Il n'y a de vertu, d'après lui, que la vertu véritable et parfaite, la vertu surnaturelle. Et il ne paraît pas donner au mot de vertu son sens strict ; en tout cas, son traité n'est pas complet. Toutes les vertus n'y sont pas ; ainsi, il manque la vertu de Religion (au chap. 28, l'auteur entend par religion la vie spirituelle), et il y a autre chose que des vertus (ainsi : la Contemplation, la Confession).

Le point de vue de l'auteur est restreint. Sa doctrine, bonne, impersonnelle, habituellement exacte, est parfois un peu exagérée (quand il a fallu, une note corrige et précise), austère et empreinte d'une certaine tristesse, comme s'il sentait la difficulté, plus grande encore, de parvenir à la véritable vertu : une vertu parfaite exige tellement de perfections !

L'auteur veut nous aider à distinguer les vraies vertus des fausses.

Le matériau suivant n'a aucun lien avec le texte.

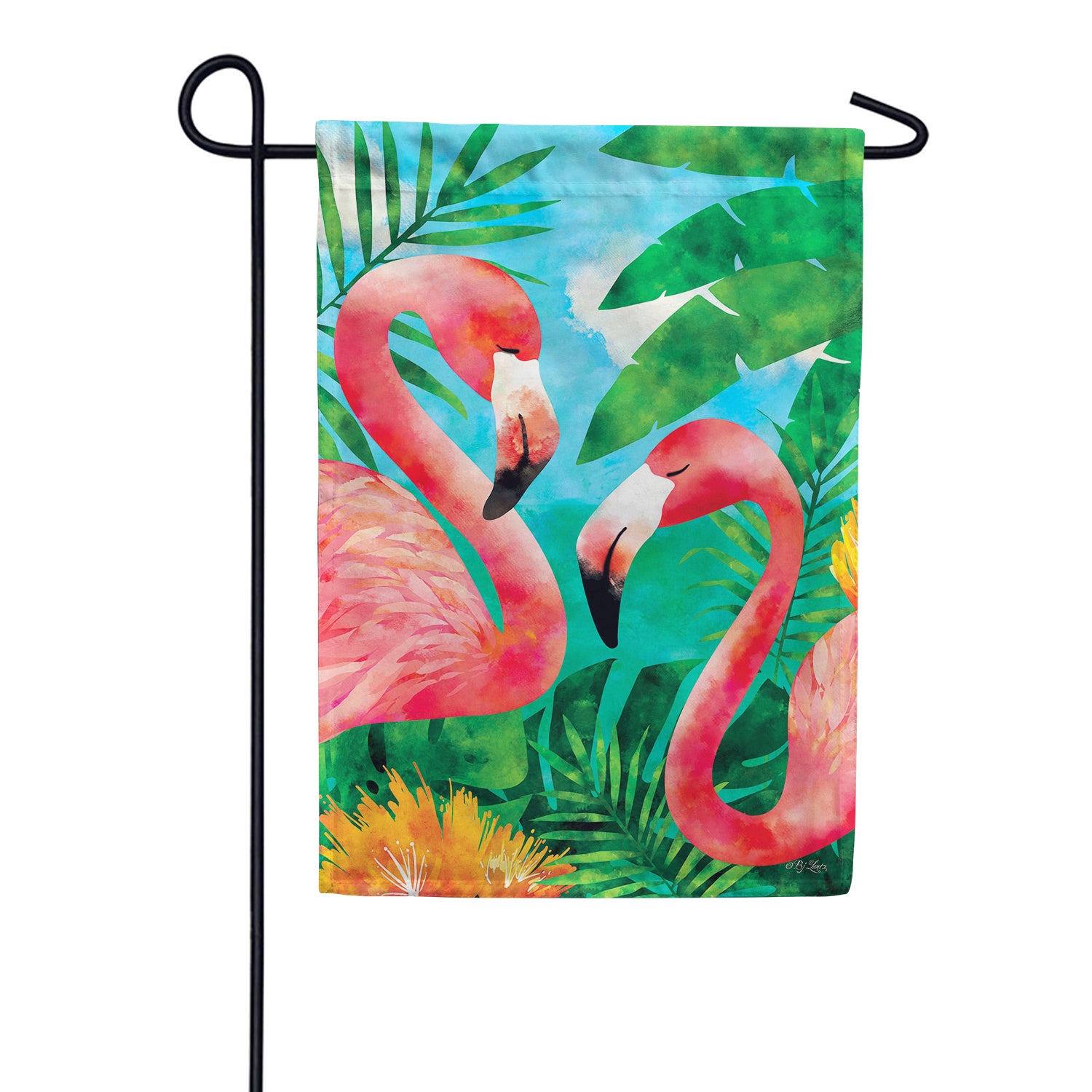 Custom Decor Flamingos Garden Flag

Pour cela, il suffit de noter, en termes forts et nettement appuyés, ce qui imprime à chaque vertu sa physionomie particulière.

Les 42 chapitres se suivent les uns les autres sans ordre apparent. Au début du chapitre, l'auteur affirme, de la façon la plus simple et la plus directe, en quoi consiste telle vertu, ce qu'elle exige précisément dans sa vérité et sa perfection. C'est une description brève plutôt qu'une définition.

Mais encore, une description demeure toujours théorique ; voici un exemple qui illustrera la doctrine et la rendra vivante. Et l'auteur, d'une manière presque uniforme, après avoir indiqué l'essentiel d'une vertu, la montre réalisée dans le portrait du vertueux.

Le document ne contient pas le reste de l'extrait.